6533b86dfe1ef96bd12cabc8

RESEARCH PRODUCT

FRET based ratiometric Ca(2+) imaging to investigate immune-mediated neuronal and axonal damage processes in experimental autoimmune encephalomyelitis.

subject

description

Abstract Background Irreversible axonal and neuronal damage are the correlate of disability in patients suffering from multiple sclerosis (MS). A sustained increase of cytoplasmic free [Ca2+] is a common upstream event of many neuronal and axonal damage processes and could represent an early and potentially reversible step. New method We propose a method to specifically analyze the neurodegenerative aspects of experimental autoimmune encephalomyelitis by Forster Resonance Energy Transfer (FRET) imaging of neuronal and axonal Ca2+ dynamics by two-photon laser scanning microscopy (TPLSM).
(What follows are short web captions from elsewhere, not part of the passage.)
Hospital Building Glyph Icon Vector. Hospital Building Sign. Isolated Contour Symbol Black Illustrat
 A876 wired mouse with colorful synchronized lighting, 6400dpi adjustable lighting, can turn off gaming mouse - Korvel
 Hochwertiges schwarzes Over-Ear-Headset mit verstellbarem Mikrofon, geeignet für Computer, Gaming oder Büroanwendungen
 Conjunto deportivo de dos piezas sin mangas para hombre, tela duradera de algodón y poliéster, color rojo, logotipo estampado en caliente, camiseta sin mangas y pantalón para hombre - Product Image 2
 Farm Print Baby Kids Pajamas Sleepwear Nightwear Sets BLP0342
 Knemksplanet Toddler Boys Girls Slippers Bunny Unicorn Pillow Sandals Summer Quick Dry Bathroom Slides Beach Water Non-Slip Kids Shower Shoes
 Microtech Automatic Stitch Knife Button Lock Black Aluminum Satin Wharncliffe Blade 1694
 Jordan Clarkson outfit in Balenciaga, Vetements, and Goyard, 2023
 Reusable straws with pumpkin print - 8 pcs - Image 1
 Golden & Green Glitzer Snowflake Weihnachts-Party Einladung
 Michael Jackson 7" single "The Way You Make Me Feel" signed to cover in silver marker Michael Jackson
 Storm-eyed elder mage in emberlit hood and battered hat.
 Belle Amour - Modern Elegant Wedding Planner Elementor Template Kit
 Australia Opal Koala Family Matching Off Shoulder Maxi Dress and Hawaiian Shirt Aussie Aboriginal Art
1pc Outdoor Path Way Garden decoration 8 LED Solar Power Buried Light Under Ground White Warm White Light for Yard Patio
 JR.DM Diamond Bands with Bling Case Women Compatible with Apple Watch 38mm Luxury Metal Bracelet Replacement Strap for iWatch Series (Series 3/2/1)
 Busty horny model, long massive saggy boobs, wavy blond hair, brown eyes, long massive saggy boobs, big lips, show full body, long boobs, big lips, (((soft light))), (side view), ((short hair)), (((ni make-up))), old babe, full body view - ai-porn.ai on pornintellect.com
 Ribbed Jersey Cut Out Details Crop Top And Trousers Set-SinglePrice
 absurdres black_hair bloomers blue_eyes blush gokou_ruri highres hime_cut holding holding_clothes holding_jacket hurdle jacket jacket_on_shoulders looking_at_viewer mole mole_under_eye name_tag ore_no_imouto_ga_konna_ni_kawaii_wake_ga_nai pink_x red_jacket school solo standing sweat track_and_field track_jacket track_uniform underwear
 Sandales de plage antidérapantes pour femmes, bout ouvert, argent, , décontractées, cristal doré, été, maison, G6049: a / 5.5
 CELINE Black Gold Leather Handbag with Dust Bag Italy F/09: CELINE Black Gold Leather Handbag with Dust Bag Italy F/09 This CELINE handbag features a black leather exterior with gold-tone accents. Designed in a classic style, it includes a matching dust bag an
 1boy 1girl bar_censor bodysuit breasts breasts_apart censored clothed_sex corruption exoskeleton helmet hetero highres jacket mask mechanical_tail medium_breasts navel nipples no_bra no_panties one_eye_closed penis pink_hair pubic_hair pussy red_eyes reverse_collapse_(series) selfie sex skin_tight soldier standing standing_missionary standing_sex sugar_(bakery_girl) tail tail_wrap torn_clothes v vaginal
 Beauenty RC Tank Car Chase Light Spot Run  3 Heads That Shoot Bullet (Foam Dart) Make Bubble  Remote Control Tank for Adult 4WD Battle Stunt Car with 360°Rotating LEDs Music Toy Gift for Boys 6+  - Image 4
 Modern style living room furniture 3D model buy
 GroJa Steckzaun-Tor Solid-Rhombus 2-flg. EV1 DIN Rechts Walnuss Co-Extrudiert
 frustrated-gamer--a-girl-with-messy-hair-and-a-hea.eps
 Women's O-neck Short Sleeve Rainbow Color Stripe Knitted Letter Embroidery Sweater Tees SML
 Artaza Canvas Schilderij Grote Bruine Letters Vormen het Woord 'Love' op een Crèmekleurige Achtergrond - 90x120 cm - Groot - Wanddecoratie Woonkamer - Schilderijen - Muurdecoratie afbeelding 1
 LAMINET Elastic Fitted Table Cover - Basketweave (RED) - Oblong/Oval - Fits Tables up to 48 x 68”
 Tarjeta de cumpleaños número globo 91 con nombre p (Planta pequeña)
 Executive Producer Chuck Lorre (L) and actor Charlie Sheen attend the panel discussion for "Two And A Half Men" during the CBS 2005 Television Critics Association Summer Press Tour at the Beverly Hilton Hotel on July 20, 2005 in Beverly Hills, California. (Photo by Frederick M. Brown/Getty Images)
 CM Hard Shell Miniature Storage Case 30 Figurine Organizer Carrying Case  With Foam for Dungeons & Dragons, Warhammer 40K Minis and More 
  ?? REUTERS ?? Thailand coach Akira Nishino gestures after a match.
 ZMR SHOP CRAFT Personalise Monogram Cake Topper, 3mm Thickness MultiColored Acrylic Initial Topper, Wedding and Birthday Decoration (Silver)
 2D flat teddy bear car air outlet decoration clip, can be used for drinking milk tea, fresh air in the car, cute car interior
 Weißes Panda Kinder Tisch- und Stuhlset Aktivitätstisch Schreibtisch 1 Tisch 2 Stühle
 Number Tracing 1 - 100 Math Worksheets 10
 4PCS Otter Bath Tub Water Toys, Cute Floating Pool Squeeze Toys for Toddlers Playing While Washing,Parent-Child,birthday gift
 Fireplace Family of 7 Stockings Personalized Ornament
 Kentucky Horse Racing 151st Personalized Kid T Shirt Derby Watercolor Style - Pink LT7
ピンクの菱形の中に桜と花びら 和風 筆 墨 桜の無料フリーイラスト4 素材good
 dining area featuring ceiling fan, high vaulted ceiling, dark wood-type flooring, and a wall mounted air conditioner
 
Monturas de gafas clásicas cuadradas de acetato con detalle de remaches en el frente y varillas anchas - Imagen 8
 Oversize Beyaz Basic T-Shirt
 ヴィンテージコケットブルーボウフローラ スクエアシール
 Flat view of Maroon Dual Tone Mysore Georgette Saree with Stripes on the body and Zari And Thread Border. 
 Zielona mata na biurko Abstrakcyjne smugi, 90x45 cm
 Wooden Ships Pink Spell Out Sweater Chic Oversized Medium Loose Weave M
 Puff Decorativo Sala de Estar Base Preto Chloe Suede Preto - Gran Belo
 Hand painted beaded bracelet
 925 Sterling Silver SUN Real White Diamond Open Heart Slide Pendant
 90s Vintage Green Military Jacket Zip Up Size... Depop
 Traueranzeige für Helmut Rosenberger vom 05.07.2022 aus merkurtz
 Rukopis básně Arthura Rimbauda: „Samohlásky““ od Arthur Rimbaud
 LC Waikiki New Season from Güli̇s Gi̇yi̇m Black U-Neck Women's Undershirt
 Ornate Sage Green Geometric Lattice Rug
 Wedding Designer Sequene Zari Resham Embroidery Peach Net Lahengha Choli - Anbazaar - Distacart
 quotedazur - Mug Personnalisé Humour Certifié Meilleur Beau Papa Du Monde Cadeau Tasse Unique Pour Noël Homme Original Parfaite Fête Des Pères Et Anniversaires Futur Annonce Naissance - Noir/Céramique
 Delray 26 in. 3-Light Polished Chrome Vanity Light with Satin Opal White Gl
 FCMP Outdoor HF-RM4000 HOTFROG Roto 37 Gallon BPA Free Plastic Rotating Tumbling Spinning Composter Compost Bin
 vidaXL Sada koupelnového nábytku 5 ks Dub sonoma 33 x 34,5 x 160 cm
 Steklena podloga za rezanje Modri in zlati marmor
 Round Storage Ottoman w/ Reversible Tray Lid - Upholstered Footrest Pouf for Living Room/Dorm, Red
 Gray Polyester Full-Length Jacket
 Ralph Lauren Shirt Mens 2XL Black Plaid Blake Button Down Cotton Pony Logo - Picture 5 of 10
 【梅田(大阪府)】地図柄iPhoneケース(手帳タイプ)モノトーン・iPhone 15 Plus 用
Results Using the genetically encoded Ca2+ sensor TN-XXL expressed in neurons and their corresponding axons, we confirm the increase of cytoplasmic free [Ca2+] in axons and neurons of autoimmune inflammatory lesions compared to those in non-inflamed brains. We show that these relative [Ca2+] increases were associated with immune-neuronal interactions. Comparison with existing methods In contrast to Ca2+-sensitive dyes the use of a genetically encoded Ca2+ sensor allows reliable intraaxonal free [Ca2+] measurements in living anesthetized mice in health and disease. This method detects early axonal damage processes in contrast to e.g. cell/axon morphology analysis, that rather detects late signs of neurodegeneration. Conclusions Thus, we describe a method to analyze and monitor early neuronal damage processes in the brain in vivo.